What to produce: Where an entry contains an image, skip the image and print the rest exactly.

Data to process:
::::
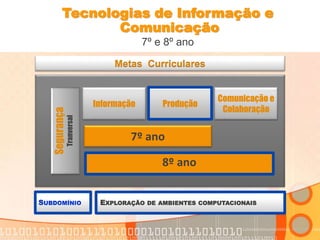 Tecnologias de Informação e 
Comunicação 
7º e 8º ano 
Metas Curriculares 
Informação Produção 
Comunicação e 
Colaboração 
Segurança 
Tranversal 
7º ano 
8º ano 
EXPLORAÇÃO DE AMBIENTES COMPUTACIONAIS 
 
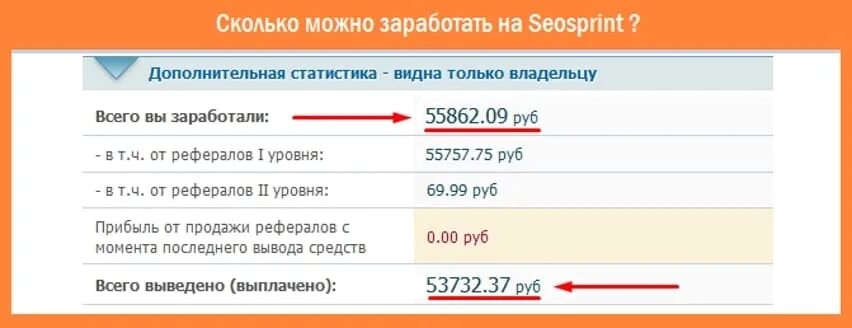 Статусы задач. Сколько зарабатывает владелец. Зарабатывают банкиры в россии. Зарплаты топ менеджеров госкомпаний. Сколько зарабатывает в месяц.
::::
Solution:
 Tecnologias de Informação e 
Comunicação 
7º e 8º ano 
Metas Curriculares 
Informação Produção 
Comunicação e 
Colaboração 
Segurança 
Tranversal 
7º ano 
8º ano 
EXPLORAÇÃO DE AMBIENTES COMPUTACIONAIS 
 
 Статусы задач. Сколько зарабатывает владелец. Зарабатывают банкиры в россии. Зарплаты топ менеджеров госкомпаний. Сколько зарабатывает в месяц.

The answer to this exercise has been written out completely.